Unnamed: 0,Fiscal Year Released,Recidivism Reporting Year,Race - Ethnicity,Sex,Age At Release,Convicting Offense Classification,Convicting Offense Type,Convicting Offense Subtype,Release Type,Main Supervising District,Recidivism - Return to Prison,Recidivism Type,Days to Recidivism,New Conviction Offense Classification,New Conviction Offense Type,New Conviction Offense Sub Type,Part of Target Population
0,2010,2013,White - Non-Hispanic,M,Under 25,D Felony,Violent,Assault,Parole,4JD,Yes,Tech,16.0,,,,Yes
1,2010,2013,White - Non-Hispanic,M,55 and Older,D Felony,Public Order,OWI,Parole,7JD,Yes,Tech,19.0,,,,Yes
2,2010,2013,White - Non-Hispanic,M,25-34,D Felony,Property,Burglary,Parole,5JD,Yes,Tech,22.0,,,,Yes
3,2010,2013,White - Non-Hispanic,M,55 and Older,C Felony,Drug,Trafficking,Parole,8JD,Yes,Tech,25.0,,,,Yes
4,2010,2013,Black - Non-Hispanic,M,25-34,D Felony,Drug,Trafficking,Parole,3JD,Yes,Tech,26.0,,,,Yes


In the snapshot of data below, we have two columns that need to be turned into dummy variables.

There are various ways to achieve this using Pandas ([`pd.get_dummies`](https://pandas.pydata.org/pandas-docs/stable/generated/pandas.get_dummies.html)), but you can also use functions from sci-kit learn.

Below, since we only have the binary case, im going to use `LabelEncoder` from sci-ket learn.
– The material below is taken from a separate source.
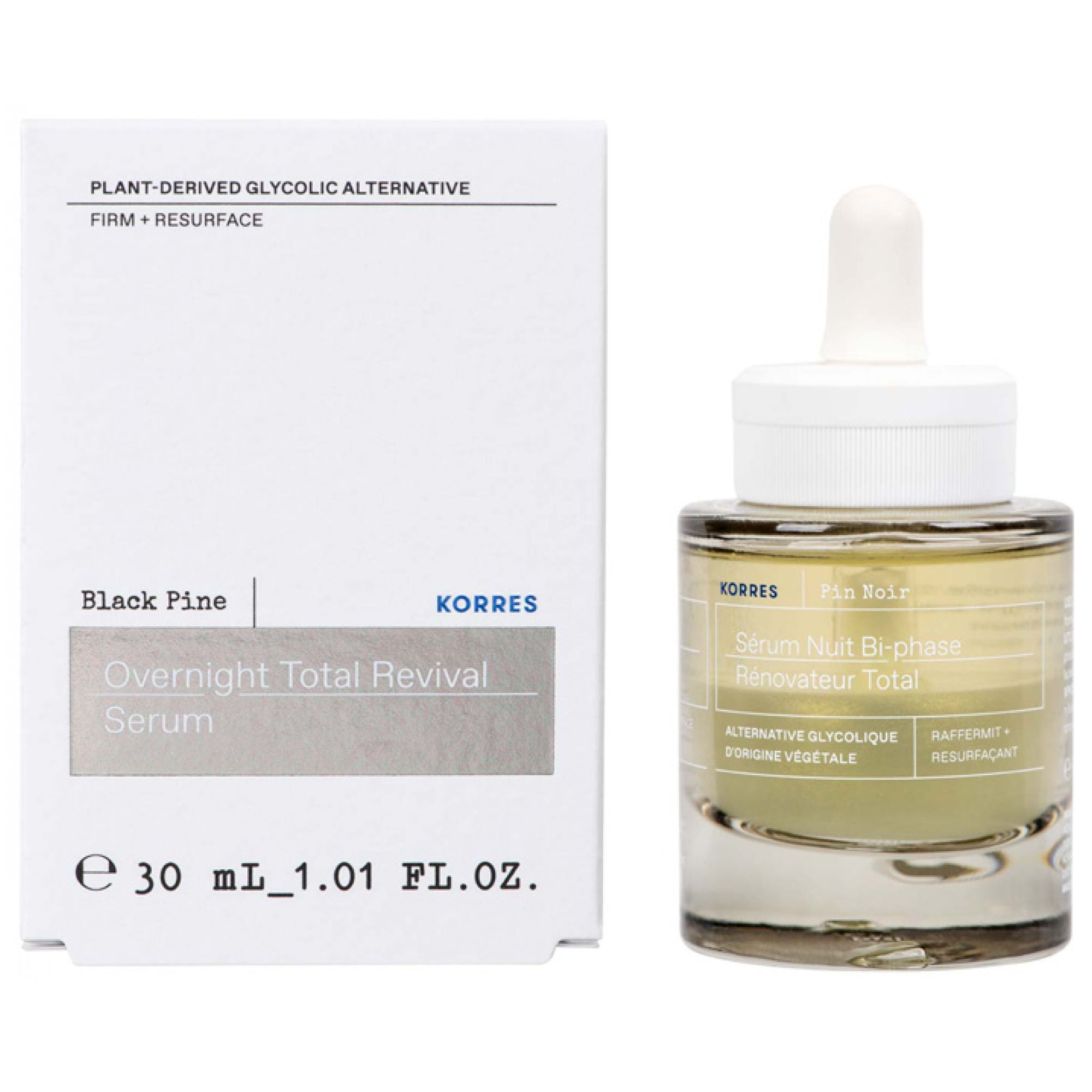 KORRES Black Pine Serum: Glasflasche mit Pipette, Kartonverpackung. 30 ml.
Of course, you can also use one-hot encoding.

For a discussion over the differences between Label Encoding and One-HotEncoding see [this](https://stackoverflow.com/questions/38413579/what-is-the-difference-between-sklearn-labelencoder-and-pd-get-dummies) and [this.](https://datascience.stackexchange.com/questions/9443/when-to-use-one-hot-encoding-vs-labelencoder-vs-dictvectorizor)
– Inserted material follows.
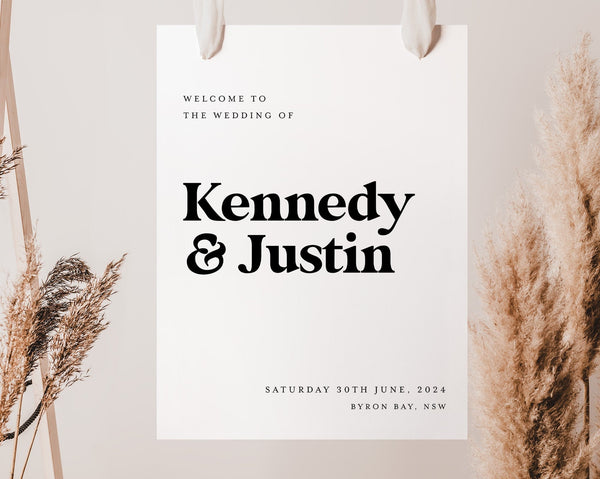 Minimal Wedding Welcome Sign Template, Modern Calligraphy Sign, Editable Wedding Welcome, Printable Reception Sign Template, Simple, Kennedy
Label encoder documentation: http://scikit-learn.org/stable/modules/generated/sklearn.preprocessing.LabelEncoder.html

One Hot encoding documentation: http://scikit-learn.org/stable/modules/generated/sklearn.preprocessing.OneHotEncoder.html#sklearn.preprocessing.OneHotEncoder

In [3]:
data[["Recidivism - Return to Prison", "Part of Target Population"]].tail()

Unnamed: 0,Recidivism - Return to Prison,Part of Target Population
21641,No,Yes
21642,Yes,Yes
21643,No,No
21644,No,No
21645,Yes,Yes


Below, you can see that we have successfully encoded "Yes" to 1 and "No" to 0.

In [4]:
encoder = LabelEncoder()
data['Y'] = encoder.fit_transform(data['Recidivism - Return to Prison'])
data['D'] = encoder.fit_transform(data['Part of Target Population'])
data[['Recidivism - Return to Prison', 'Y', 'Part of Target Population', 'D']].tail()

Unnamed: 0,Recidivism - Return to Prison,Y,Part of Target Population,D
21641,No,0,Yes,1
21642,Yes,1,Yes,1
21643,No,0,No,0
21644,No,0,No,0
21645,Yes,1,Yes,1


It is also possible to apply a more sophisticated encoding function to a partiuclar column by utilising the `.apply` method in conjunction with lambda functions.

In [5]:
def fancy_encoding(val):
    if val == "No":
        return 0
    else:
        return 1

data['fancy_Y'] = data['Recidivism - Return to Prison'].apply(lambda x: fancy_encoding(x))

In [6]:
data[['Recidivism - Return to Prison', 'Y', 'fancy_Y']].tail()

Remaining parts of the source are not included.